Welcome to Days Afield Online, an exclusive source for original fine outdoor writing. If you enjoy the crisp, clean feel of a December morning on your cheek; if your heart's pace quickens at the emergence of the whitetail from the treeline; and if your soul is lifted by the arrogant gobble of the tom, then read on and enjoy tales of days afield, where the season never closes. My work has appeared in the NWTF's Turkey Call Magazine, the QDMA's Quality Whitetails Magazine, Alabama Wildlife Magazine, Great Days Outdoors Magazine, Louisiana Sportsman Magazine, and elsewhere. Most recently, I have written monthly columns for Great Days Outdoors Magazine and Louisiana Sportsman Magazine. I've even been quoted by legendary turkey hunting author Tom Kelly in his 2007 book, "A Fork In The Road." So prop your feet up on a stump, enjoy the crackling fire under the night sky, and come share these Days Afield. It's good to have you in camp. - Roger Guilian

Sunday, November 12, 2006

"Writer's Block"

One of the funny things about writing is the more you do it, the more you find yourself needing to do it. Writing becomes like a musical instrument or an artist’s canvas. You need to sit down from time to time and create something on your instrument or fill the blank canvas with the hues and shadows of your thoughts and ideas. The problem, of course, is that when the urge to write strikes, nothing says it will bring conveniently along with it an idea, a topic, a direction, and a purpose. This phenomenon – when a writer sits down to write but cannot think of anything to say or how to say it – has long been referred to as writer’s block.

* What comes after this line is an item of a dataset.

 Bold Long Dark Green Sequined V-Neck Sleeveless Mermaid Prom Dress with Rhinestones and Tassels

It just so happens I have a terminal case of the stuff right now.

The inability to think of something about which to write is debilitating to say the least. All the baseline tools are present: desire, time, commitment, relative quiet in the house, success in having fooled your spouse into thinking your honey-dos are complete; but the all important tool – something to write about – is absent.

The worst thing one can do in this situation is force it. Anything written under duress (this particular application of the word “duress” does not include the publisher’s second graciously extended deadline) comes out as the literary equivalent of that free-handed quartering away shot taken too long after dusk, over too great a distance, and through too much tree debris. Chances are you’ll miss the mark and end up doing more harm than if you hadn’t bothered at all.

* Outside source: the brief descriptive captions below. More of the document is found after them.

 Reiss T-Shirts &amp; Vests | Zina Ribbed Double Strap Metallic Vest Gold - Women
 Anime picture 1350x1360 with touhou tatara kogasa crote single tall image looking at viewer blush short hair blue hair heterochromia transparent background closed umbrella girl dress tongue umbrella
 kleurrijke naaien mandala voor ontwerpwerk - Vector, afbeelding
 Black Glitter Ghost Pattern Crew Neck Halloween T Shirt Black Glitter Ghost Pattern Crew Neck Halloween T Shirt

So the mind reels in an attempt to unlock a story the way the tumblers pass over numbers on the gun safe dial searching for the combination that will allow the door to be opened. As the fingers of my mind sift through various memories, experiences, mishaps, and opinions, they pass over all manner of things I suppose I could write about, were it not for this aggressive case of writer’s block.

There is the collection of sunrises I have been blessed enough to witness over the years. Sunrises so varying and so brilliant that my faith has been supercharged every time I have seen them and I have been brought to tears more than once by their enormity and beauty. I remember one particular sunrise I watched seven years ago on a still Sumter County, Alabama morning just as vividly as the orange-purplish striated prelude I witnessed just six days ago over a dove field near my home. The day awoke to find me huddled in a tripod stand overlooking a thin road that ran parallel to a stream and separated a juvenile pine plantation from a soggy hardwood bottom. I was there to hunt hogs the weekend before the deer rifle season opened and, given the object of my quarry, had already exhibited too much dedication by getting up so early just to shoot pigs. About thirty minutes after I got settled, a piercing sunrise erupted from the pine tops to my left and conquered me and the dew-drenched earth beneath it. I watched that sunrise and stared at its altering spectrum of colors until the sun’s brightness prevented me from looking directly at it any longer. I do not know whether any wildlife trotted beneath my stand that morning, but I would not have cared. I had been humbled within that first hour of daylight to the point that I spent the better part of the morning thinking and reflecting, rather than hunting.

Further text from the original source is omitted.